Glimpse history through fascinating old images of Albuquerque, in the US State of New Mexico.
Old Photos of Albuquerque
Albuquerque Then and Now
See what First and Central looked like over a hundred years ago.
Albuquerque: Then and Now – KOAT on YouTube
Albuquerque in the 1950s
This film clip, recorded next to the YMCA in the 1950s, is only 12 seconds long but is a rare glimpse of an ordinary day in past Albuquerque.
Albuquerque, New Mexico, U.S.A. in the 1950’s. Archive film 98897 – HuntleyFilmArchives on YouTube
Reuniting Family Photos
Sam Porter’s car was stolen in 2019. When it was later returned to him, it contained a box full of old family photos and documents that didn’t belong to him.
Thanks to Sam’s attempts to find the rightful owners, he was contacted by Barbara Martin. Burglars had stolen the family documents from her home, and she was delighted to be reunited with these irreplaceable items.
Albuquerque man tracks down owner of vintage family photos – KRQE on YouTube
A Bit of Albuquerque History
A Complete Business Directory of New Mexico, and Gazetteer of the Territory for 1882
Pages 22 – 26
ALBUQUERQUE. The date when Albuquerque was first settled is a disputed question, but it is very probable that it ante-dates the occupation by the Spaniards.
Be that however as it may, it is its latter history, and the remarkable growth which has taken place since the advent of the railroad – April 15th, 1880, which will be noticed.
There are but few towns in the territory which have shown such progress as has Albuquerque since that date.
Business and dwelling houses have gone up with a rapidity only equaled by the surprising readiness with which they have found occupants.
Business in all its varied branches seems to have sprung up as if by magic.
Eighteen months ago the site upon which the future metropolis of the great southwest now stands was but the fallow field of the thrifty native.
The transformation has been truly wonderful. There are now located here some of the most extensive wholesale and supply houses, and among the most important business interests of the place are the round houses, machine shops, and terminal offices of the Atlantic & Pacific railroad, which are permanently located here.

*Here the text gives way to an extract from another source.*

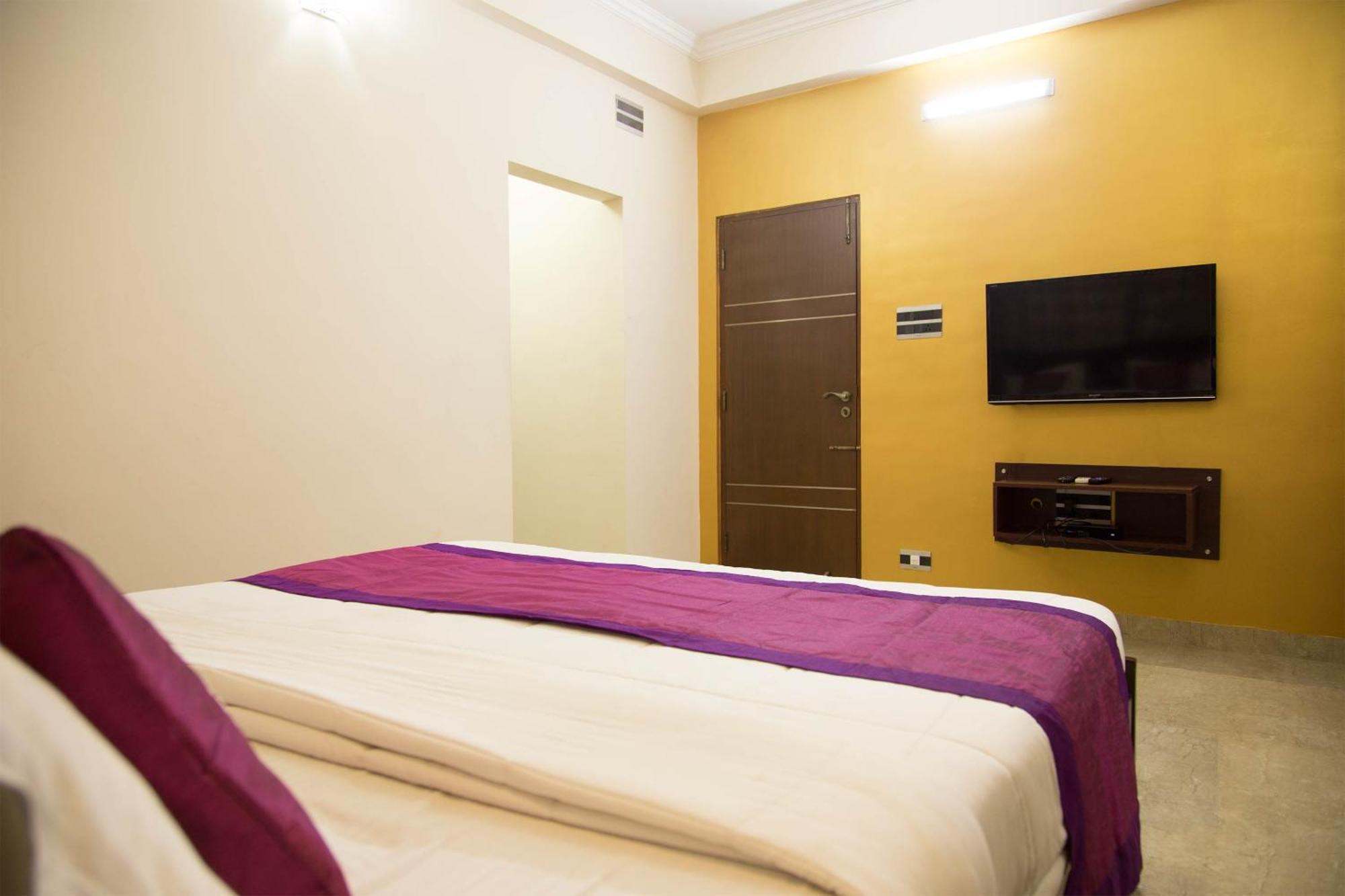 Hotel Ar Residency Csennai Kültér fotó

The Atchison, Topeka & Santa Fe also has large interests here, and will do much for the town.
Woolen mills are already under way, and will be completed early the present season. A foundry and machine shops on a large scale are now in operation, in connection with which is to be put in operation by the same parties, sampling works.
A smelter with large capacity is also among the probabilities the coming summer.

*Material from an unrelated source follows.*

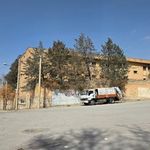 خوابگاه دانشجویی دانشگاه لرستان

Two street car lines are now running in main thoroughfares of the city.
The hotel facilities are among the best in the territory.

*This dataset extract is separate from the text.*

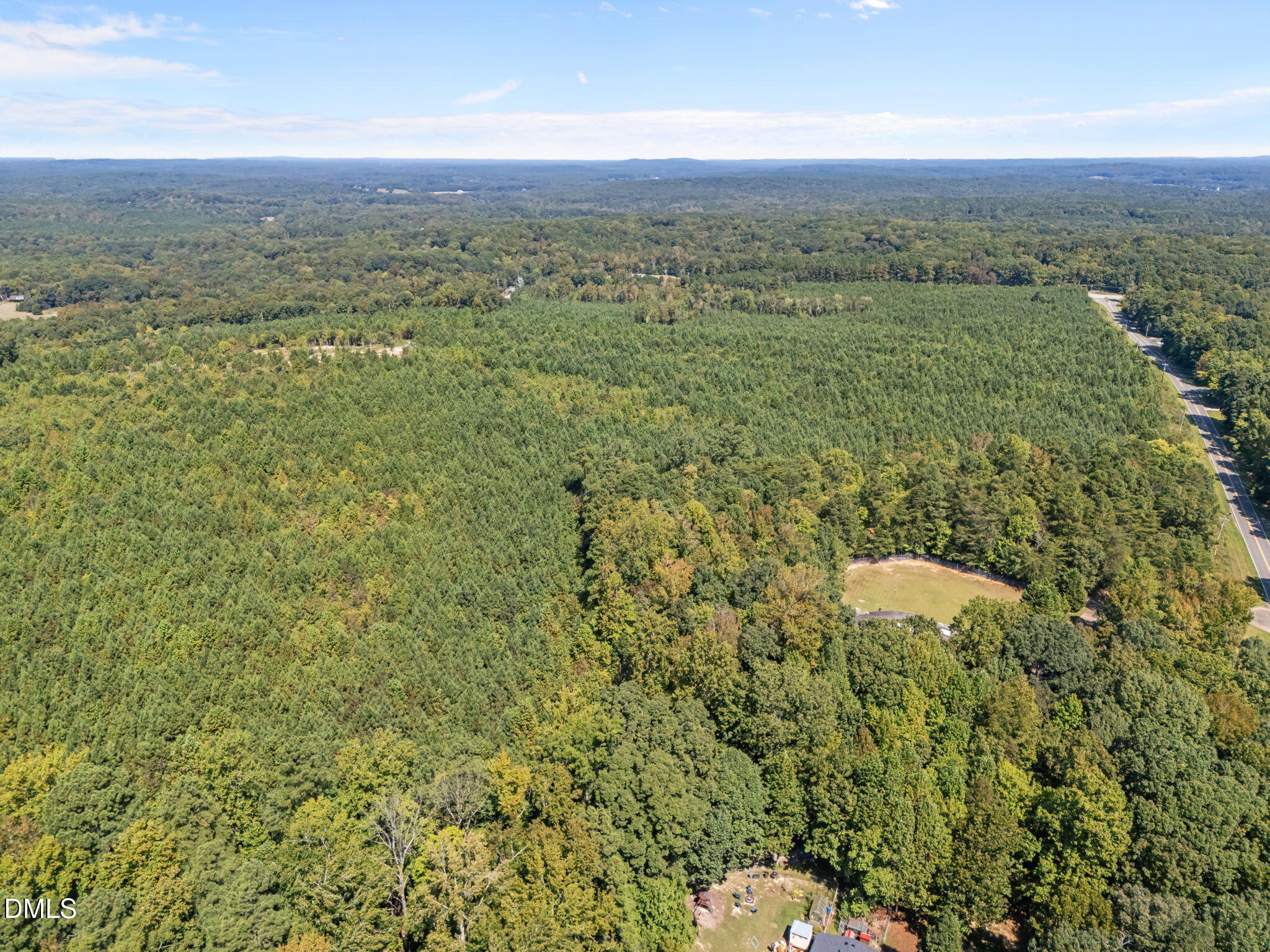 0 Russell Road Durham, NC 27712 - Photo 9 of 13 9-web-or-mls-DJI_20250919124625_0034_D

A charter has been obtained, and a company formed, to put in gas works, which will be in operation in a short time.
A brick machine is now on the way here, which, when under way, will supply an urgent need in building material.
Money has been subscribed to bridge the Rio Grande at this point, which will greatly augment the business of the merchants, by bringing to them a large trade, which, on account of the dangers of crossing the river, is forced to go elsewhere during a greater portion of the season.
Two flouring mills are constantly running and doing a handsome business at present, with flattering prospects for a large increase in business the present season.
The school institutions are worthy of flattering notice. The Albuquerque Academy, incorporated under the laws of the territory, and liberally assisted by the New West Educational Commission, of Chicago, is in a flourishing condition.
Its board of trustees are some of our most wealthy and influential citizens. This institution is nonsectarian, and is being well supported by endowments and donations.
The public school for boys, under the supervision and management of the Christian Brothers, is deserving of special mention; there is also under the auspices of the brothers here a college, where a full course is given.
There is now being erected a magnificent structure, to be used as a convent school, which will be under the management of the Sisters.
The government has established here an industrial school for Pueblo Indians, at which are taught the common English branches, agriculture, domestic economy, etc. This institution is under the management of Professor J. S. Shearer. The government has appropriated money and is erecting substantial buildings for this institution.
The church and society privileges are all that could be desired in point of excellence. The churches embrace all of the principal denominations, and are receiving daily accessions to their members.
The press of Albuquerque has done much for the town. It embraces the “Journal,” a morning daily, publishing full telegraphic reports; the “Review,” an evening daily, mainly devoted to local interests, and the “Miner and Manufacturer” published monthly, as its name indicates, devoted mainly to the mining and manufacturing interests of the county.
There is also the “Revista de Albuquerque,” a Spanish weekly, which circulates largely among the Spanish speaking residents.
The hearty support which all of these journals are receiving evidences that the business men of the city fully appreciate the benefits which their publication brings to the town.
The above is necessarily but a short review of one of our most important cities of the territory, and one which is destined to become one of the centers of trade in the southwest.
If its future growth is to keep pace with that of the past two years, not many more will elapse before the census returns will show a population of 10,000. At present it is about 3,500.